> [WHAT THIS TASK INVOLVES] Nothing outside the range is to be copied. From the entries below, reproduce exactly the lines starting at the one with "To learn more" and ending at the one with "Then you can", without pictures.

> [EXTRACTED ENTRIES]
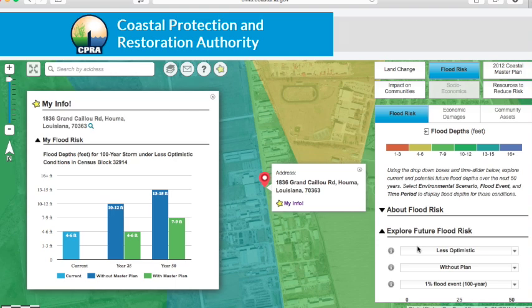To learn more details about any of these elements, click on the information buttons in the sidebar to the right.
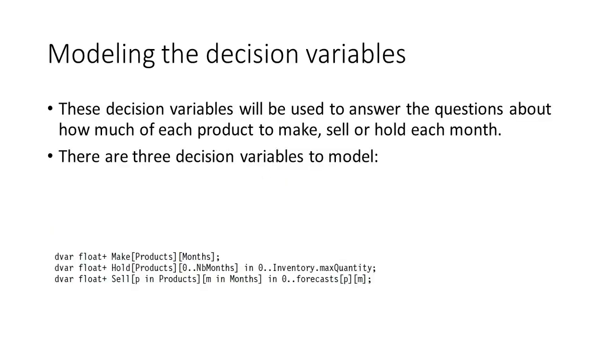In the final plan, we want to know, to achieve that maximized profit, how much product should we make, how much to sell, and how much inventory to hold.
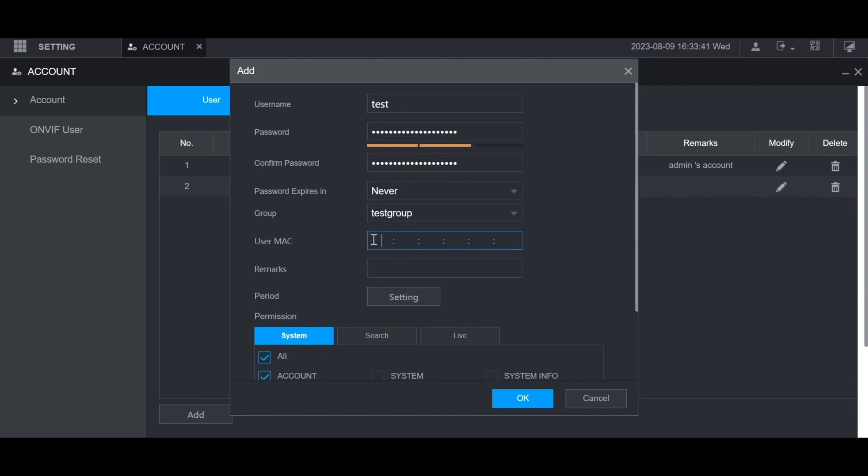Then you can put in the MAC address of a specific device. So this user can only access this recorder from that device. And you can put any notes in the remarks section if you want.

---

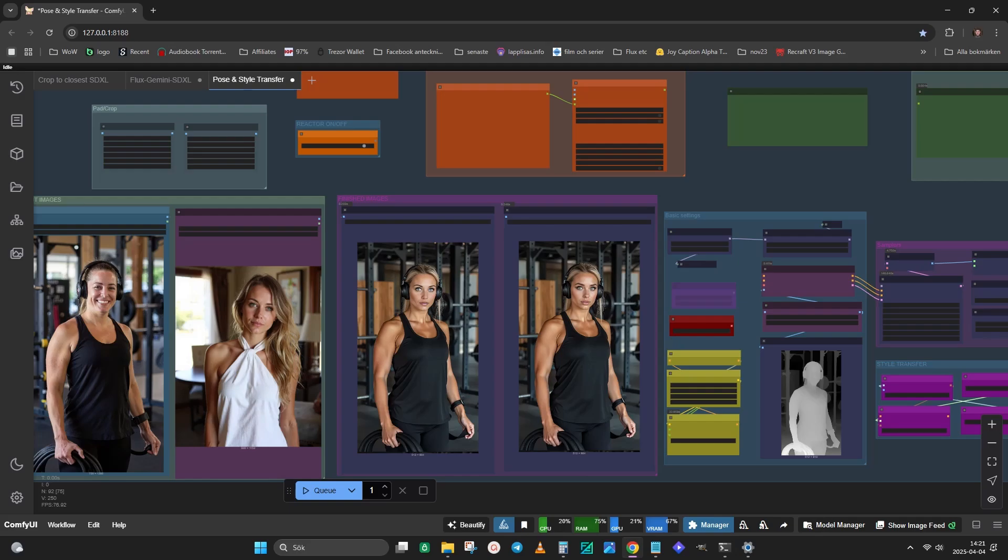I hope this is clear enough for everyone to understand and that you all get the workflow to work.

==

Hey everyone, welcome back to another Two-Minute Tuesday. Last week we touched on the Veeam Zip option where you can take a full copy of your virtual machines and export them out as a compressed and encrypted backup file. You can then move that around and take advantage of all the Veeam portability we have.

> [TASK ANSWER]
To learn more details about any of these elements, click on the information buttons in the sidebar to the right.
In the final plan, we want to know, to achieve that maximized profit, how much product should we make, how much to sell, and how much inventory to hold.
Then you can put in the MAC address of a specific device. So this user can only access this recorder from that device. And you can put any notes in the remarks section if you want.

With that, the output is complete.